Matt's talk was titled "Clutching at Random Straws" and dealt with our innate tendency to detect patterns where none exist. His subjects included — amongst other delights — the deeply significant alignment of the ancient Woolworth civilisation, the explicable causal links between human birth-rate and preponderance of mobile-phone masts, and the likelihood of there being two or more people with the same birthday in any given group of people — such as those attending a Skeptics-in-the-Pub night.
The Q&A session was equally lively, and included Matt expounding his views on environmentalism and organic farming, as well as giving a quick rundown of the pros and cons of the Alternative Vote and First Past The Post voting systems (as follows, paraphrased):
If you're first past the post, it means you got the most votes. So let's say you've got four people who are running for an election — the person who gets the most votes might have 26% of the votes, and everyone else got just under 25. In which case they would get in on just 26% of people voting for them.
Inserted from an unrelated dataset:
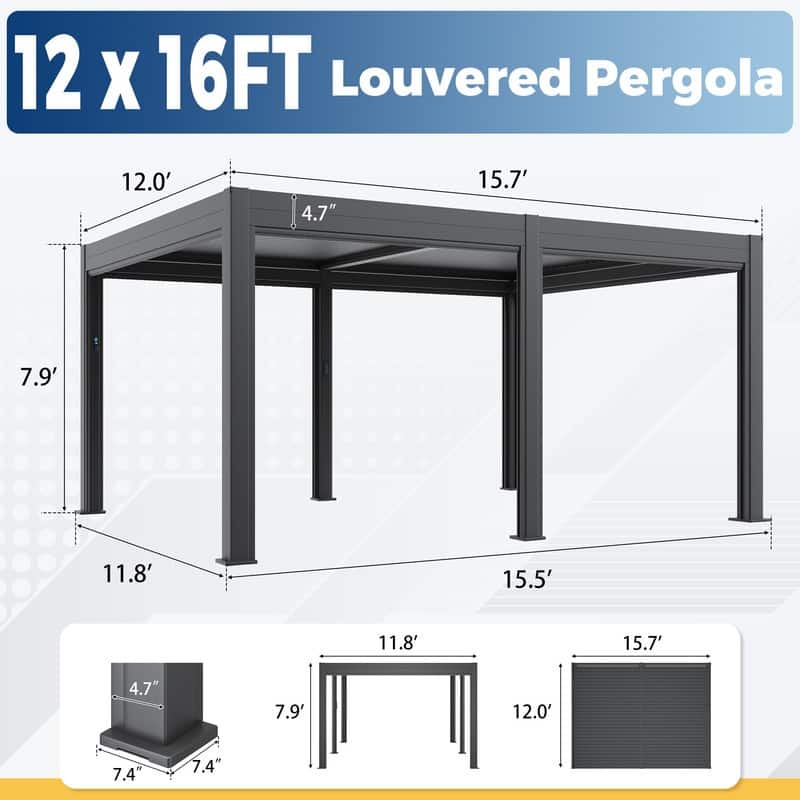 EROMMY Outdoor Louvered Pergola Gazebo with Adjustable Aluminum Rainproof Roof and Pull-Down Screen
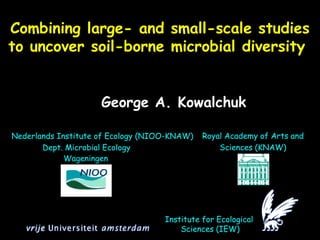 George A. Kowalchuk   Nederlands Institute of Ecology (NIOO-KNAW) Dept. Microbial Ecology Wageningen Combining large- and small-scale studies to uncover soil-borne microbial diversity  Royal Academy of Arts and Sciences (KNAW) Institute for Ecological  Sciences (IEW)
So in fact 74% of people may adamantly not want them. And so that's kind of the thrust of this — you need a bigger vote than anyone else, but you don't need a bigger vote than everyone who's against you. And proportional voting is that if you vote for one of your guys, and it seems like they're not going to get in, you get to have a second choice, so your vote goes to the second choice, and if they're not going to get in, it goes to the third choice. You get to the final two people, and the person who is ranked higher more than the other person, gets in.
Say one guy was ranked above the other 52% of the time, and the other guy was ranked higher 48% of the time, that means 52% would rather have one than the other — more people for than against, rather than just more people for one than for the other. In an apolitical sense, I think AV is the fairer way to decide which candidate has the fewest people against them.